When you're at the table and trying to figure out the bill, time is key - that
means a quick UI and fast latency. The other issue was getting other people to
use it. I convinced maybe three friends to use it over the course of that year
and none used it for more than two days. It's difficult to get people to use
and stick to.

That said, structuring it as a longterm balancing solution for financial
"partners" like roommates might be a better model.

------
Rabidgremlin
Interesting... Thanks for the feedback.

First up, no sign up is required to create the bill. Check out the mock-ups:
<http://blog.split-the-bill.com/split-the-bill-the-mock-ups>

Also there are no emails notifications (yet). You are free to IM, tweet, SMS
or Facebook the link to the bill.

Of course we are looking at mobile phone apps and an API for other systems to
integrate with (How cool would it be for a POS to include a link at the end of
your receipt ?).

Integrating a payment method would also be a possibility.
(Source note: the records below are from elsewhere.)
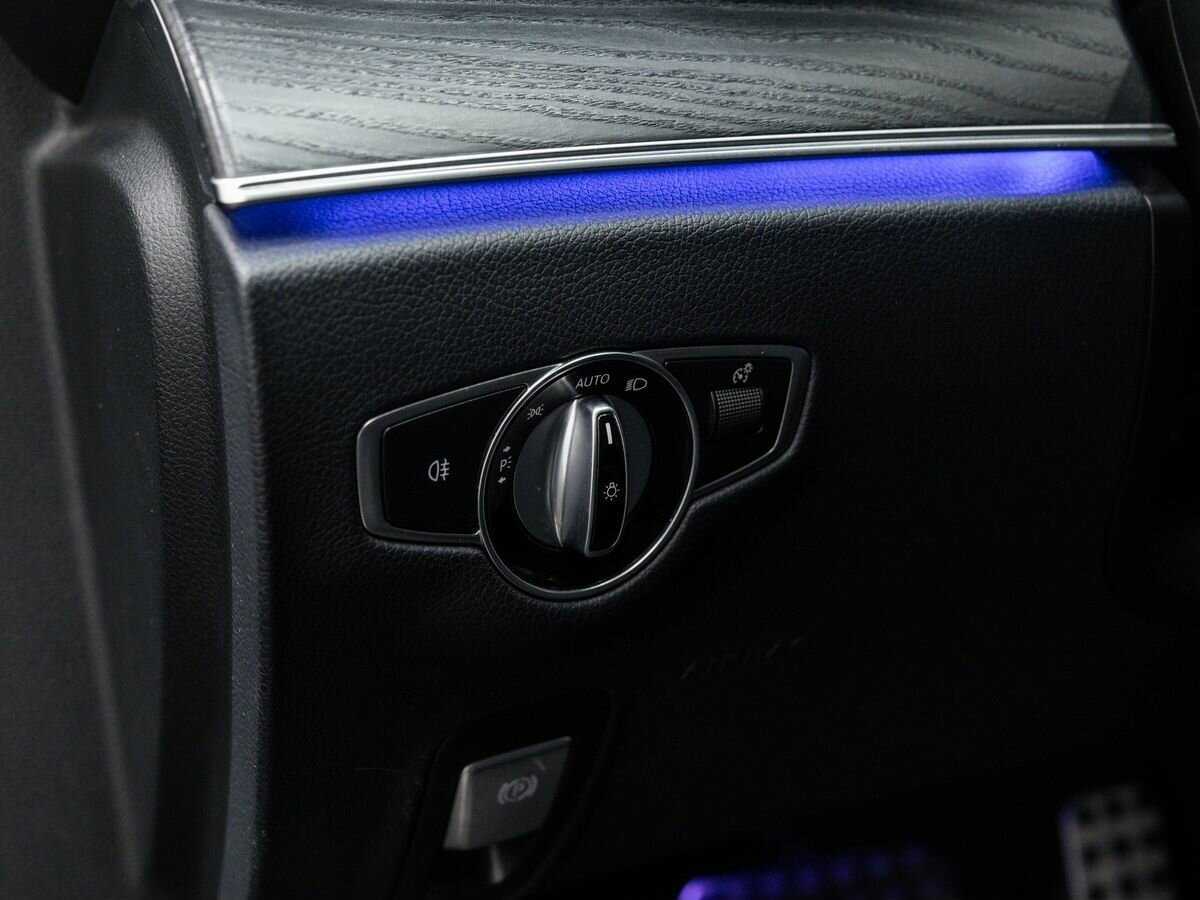 Mercedes-Benz E-Класс 220 d, 2021 Фото №16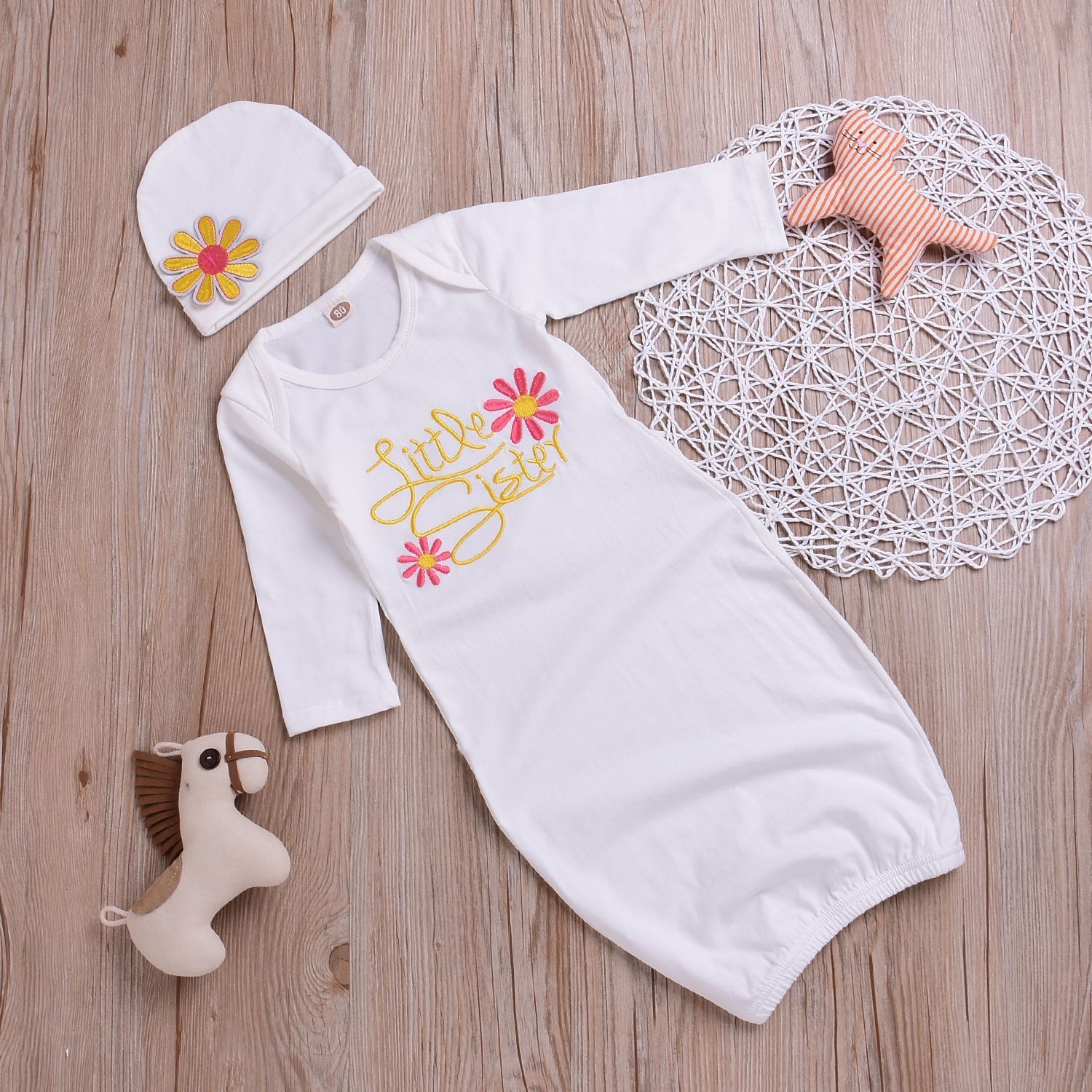 Pijama y gorro con estampado floral para bebé recién nacido Little Sister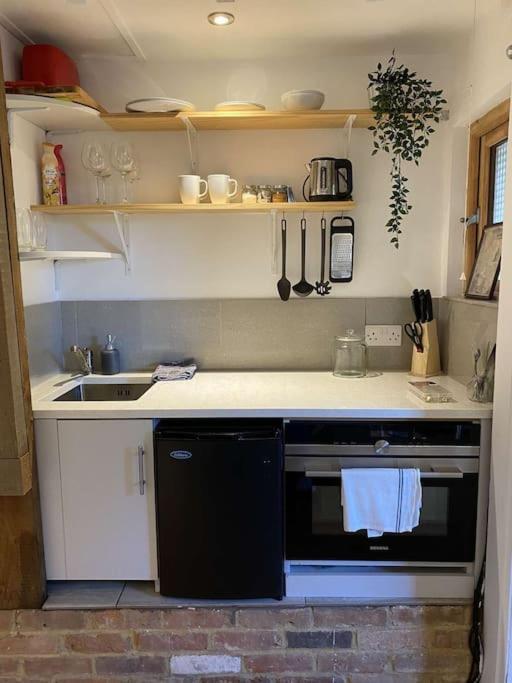 Cosy 1 Bedroom Country Lodge With Free Parking Watlington  Екстериор снимка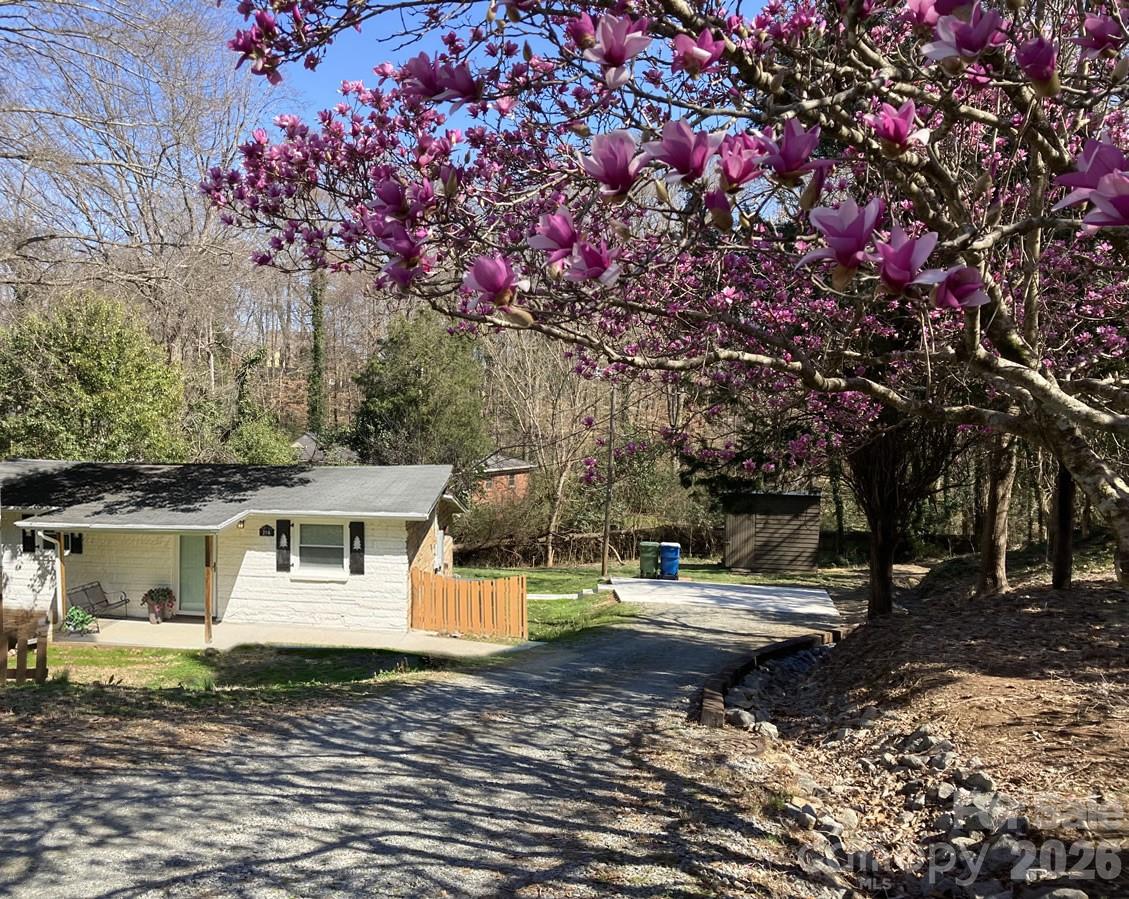 216 Auten Circle Property Photo 32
Nonetheless I do like the idea of supporting more formal agreements and larger
costs... will add it to the road map :)

------
philwelch
My girlfriend and I have an ongoing problem where we are trying to split
living expenses fairly. I can see this as a partial solution, but definitely
not a complete one.

I can see myself using this if there were an iPhone app or a good mobile site.
It would be a quick step in the process if I could just note a bill and who
owed me whenever I ate out, read a bill, or anything else.

------
yosho
I think this idea had been done before and didn't work. I think signing up for
a website to split a dinner tab is a bit excessive, especially with the email
notifications and everything.

Maybe a better focus would be on larger costs such as rent payments and room
subletting that actually requires a more formal agreement between parties.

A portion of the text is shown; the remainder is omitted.